One recent update at North Philly’s William Cramp Elementary School, originated under the auspices of the Trust for Public Land’s (TPL) Parks for People program, features several installations from Fine Arts lecturer and alumnus Deirdre Murphy (MFA’00). First, Murphy created 50 plexiglass Baltimore orioles. Along with alumnus Daniel Powell (BArch’00), she attached the playfully-plumed flock (they come in azure and amethyst and asparagus tones) to the chain link fence that surrounds the schoolground.
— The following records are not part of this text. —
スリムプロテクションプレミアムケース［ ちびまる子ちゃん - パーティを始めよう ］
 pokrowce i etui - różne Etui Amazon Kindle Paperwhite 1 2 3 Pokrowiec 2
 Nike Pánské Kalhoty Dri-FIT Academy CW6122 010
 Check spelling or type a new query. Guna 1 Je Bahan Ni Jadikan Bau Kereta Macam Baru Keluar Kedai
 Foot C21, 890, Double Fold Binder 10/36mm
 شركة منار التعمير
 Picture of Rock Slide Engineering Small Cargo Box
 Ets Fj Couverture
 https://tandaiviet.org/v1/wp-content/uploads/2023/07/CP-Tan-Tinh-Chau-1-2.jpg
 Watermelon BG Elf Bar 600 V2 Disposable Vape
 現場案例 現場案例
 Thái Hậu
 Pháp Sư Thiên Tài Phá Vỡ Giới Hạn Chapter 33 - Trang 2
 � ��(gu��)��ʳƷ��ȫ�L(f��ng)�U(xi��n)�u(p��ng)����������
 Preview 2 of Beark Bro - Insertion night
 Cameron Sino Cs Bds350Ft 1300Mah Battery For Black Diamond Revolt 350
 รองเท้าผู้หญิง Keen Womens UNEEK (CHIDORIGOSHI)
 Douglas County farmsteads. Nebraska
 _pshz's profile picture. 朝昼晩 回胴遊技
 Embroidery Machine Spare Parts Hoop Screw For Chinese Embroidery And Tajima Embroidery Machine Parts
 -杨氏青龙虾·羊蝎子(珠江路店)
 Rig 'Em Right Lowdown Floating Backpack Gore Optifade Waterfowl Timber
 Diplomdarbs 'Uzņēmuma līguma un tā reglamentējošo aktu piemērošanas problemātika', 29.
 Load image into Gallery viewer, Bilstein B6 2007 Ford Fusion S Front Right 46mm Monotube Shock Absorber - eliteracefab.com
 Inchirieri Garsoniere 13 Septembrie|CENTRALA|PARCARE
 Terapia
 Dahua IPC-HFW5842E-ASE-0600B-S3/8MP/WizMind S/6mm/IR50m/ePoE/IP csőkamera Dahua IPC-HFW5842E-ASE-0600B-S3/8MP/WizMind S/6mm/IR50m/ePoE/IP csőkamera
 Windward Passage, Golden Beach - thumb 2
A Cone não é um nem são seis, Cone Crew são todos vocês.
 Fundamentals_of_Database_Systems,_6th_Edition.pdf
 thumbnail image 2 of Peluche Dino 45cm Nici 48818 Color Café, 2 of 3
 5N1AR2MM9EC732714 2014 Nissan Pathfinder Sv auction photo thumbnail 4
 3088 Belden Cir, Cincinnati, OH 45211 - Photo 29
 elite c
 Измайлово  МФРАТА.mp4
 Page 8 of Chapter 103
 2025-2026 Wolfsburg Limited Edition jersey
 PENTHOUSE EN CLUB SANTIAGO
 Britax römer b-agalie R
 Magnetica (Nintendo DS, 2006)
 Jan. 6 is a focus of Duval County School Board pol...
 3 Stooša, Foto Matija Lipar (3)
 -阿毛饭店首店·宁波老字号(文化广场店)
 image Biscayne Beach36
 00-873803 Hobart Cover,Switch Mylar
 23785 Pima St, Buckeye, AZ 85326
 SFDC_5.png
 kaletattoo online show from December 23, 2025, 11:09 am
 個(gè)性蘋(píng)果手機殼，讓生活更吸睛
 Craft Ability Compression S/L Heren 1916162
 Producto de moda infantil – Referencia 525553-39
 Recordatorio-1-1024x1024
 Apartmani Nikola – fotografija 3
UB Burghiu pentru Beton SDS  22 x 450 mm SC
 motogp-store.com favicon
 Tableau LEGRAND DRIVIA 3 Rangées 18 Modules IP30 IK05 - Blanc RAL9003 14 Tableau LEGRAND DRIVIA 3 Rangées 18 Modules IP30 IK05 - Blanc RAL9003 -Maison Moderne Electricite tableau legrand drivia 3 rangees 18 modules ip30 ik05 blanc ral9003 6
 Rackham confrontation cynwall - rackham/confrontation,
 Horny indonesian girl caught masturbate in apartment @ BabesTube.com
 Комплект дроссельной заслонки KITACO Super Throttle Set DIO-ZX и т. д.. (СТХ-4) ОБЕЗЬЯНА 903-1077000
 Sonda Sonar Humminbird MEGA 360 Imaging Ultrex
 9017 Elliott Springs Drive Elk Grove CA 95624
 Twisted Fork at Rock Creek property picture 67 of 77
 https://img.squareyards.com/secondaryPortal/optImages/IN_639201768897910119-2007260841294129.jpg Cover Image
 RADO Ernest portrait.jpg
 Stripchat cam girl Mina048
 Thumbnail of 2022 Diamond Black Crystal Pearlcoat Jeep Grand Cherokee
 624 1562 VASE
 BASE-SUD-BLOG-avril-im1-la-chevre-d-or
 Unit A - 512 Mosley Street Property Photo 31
Then Murphy, with help from Gabrielle Patterson (BFA’15) and Riley Nelson, BFA candidate, painted a design on the blacktop that graphically represented the swoops and runs of the flyway map of the oriole, a bird Murphy chose after her research revealed that its tract moves through both Puerto Rico and Philadelphia. “That tied into the story of the immigration by the parents of many of the children who attend the school,” she explains. “Everyone was so excited. They couldn’t believe what a little color and pattern did to their schoolyard.”
Before Murphy arrived on the scene, designers at Philadelphia-based Interpret Green, transformed the schoolyard from wasteland to wonderland. They planted a habitat garden, built birdhouses outfitted with live cams, and installed a new kind of air quality monitor that costs a fraction of older models — all with the idea of fulfilling TPL’s goal of bringing students in low-income neighborhoods closer to nature.
“When they were done, Interpret Green suggested that the project would benefit from some sort of art component,” says Danielle Denk (MLA’00), TPL’s Philadelphia program manager. “I immediately thought of Deirdre because she has such a great body of work about migrations and the movements of birds. She seemed like a perfect fit.”
For the near future, a teaching element — about “the ties between nature and geometry and pattern,” says Murphy — will be incorporated and the community will also be invited to participate in additional creative placemaking endeavors such as photography or oral history projects.
“By taking a space outside the school and bringing messages into it that suggest that the neighborhood and its residents have value, we’re already seeing new formations of strength,” observes Denk. “There’s now a Friends group for the schoolyard, for instance. This kind of stuff hasn’t happened before in this neighborhood. We’re excited to continue our work there, including at the nearby rec center where we’ll look to connect some of the narratives and themes from William Cramp.”